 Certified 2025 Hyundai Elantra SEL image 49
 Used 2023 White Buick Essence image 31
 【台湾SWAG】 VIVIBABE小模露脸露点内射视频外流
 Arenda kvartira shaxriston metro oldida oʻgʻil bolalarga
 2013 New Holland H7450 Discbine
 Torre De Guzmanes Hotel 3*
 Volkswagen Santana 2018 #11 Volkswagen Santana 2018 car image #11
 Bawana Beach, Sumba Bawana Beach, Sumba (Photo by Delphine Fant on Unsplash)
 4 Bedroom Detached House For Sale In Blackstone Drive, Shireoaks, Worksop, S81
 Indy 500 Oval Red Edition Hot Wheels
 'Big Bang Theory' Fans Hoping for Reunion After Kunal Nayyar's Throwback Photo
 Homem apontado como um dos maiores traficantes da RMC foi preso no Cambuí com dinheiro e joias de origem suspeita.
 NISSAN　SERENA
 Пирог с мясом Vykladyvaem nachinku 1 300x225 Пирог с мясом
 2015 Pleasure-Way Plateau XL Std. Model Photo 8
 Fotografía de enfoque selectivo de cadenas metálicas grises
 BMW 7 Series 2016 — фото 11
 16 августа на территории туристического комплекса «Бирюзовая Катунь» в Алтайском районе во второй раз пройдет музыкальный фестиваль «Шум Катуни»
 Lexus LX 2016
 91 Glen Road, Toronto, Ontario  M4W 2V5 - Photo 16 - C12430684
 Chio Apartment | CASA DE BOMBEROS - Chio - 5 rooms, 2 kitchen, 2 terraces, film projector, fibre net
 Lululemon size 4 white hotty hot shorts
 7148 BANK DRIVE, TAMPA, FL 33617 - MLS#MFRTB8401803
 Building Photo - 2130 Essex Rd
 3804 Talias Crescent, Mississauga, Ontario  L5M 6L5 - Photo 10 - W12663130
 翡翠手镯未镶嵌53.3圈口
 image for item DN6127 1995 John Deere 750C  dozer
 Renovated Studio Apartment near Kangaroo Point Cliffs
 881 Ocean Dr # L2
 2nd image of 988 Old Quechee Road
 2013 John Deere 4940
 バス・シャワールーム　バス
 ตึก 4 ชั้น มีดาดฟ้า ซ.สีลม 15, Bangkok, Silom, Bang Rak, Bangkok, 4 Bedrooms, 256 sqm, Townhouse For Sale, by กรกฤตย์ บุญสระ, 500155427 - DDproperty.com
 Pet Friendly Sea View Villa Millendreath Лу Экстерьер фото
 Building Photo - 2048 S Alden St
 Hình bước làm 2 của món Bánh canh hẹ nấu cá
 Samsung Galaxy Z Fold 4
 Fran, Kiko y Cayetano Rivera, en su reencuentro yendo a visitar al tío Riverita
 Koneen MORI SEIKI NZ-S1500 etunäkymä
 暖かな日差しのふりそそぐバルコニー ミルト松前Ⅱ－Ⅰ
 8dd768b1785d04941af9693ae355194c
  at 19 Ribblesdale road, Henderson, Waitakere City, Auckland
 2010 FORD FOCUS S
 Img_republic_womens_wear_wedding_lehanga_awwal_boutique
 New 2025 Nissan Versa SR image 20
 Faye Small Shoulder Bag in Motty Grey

# Problem description
Please restate, exactly as written, the line that holds "2010 FORD FOCUS S" and all remaining lines of the data above, and only those.

# Answer for the task
 2010 FORD FOCUS S
 Img_republic_womens_wear_wedding_lehanga_awwal_boutique
 New 2025 Nissan Versa SR image 20
 Faye Small Shoulder Bag in Motty Grey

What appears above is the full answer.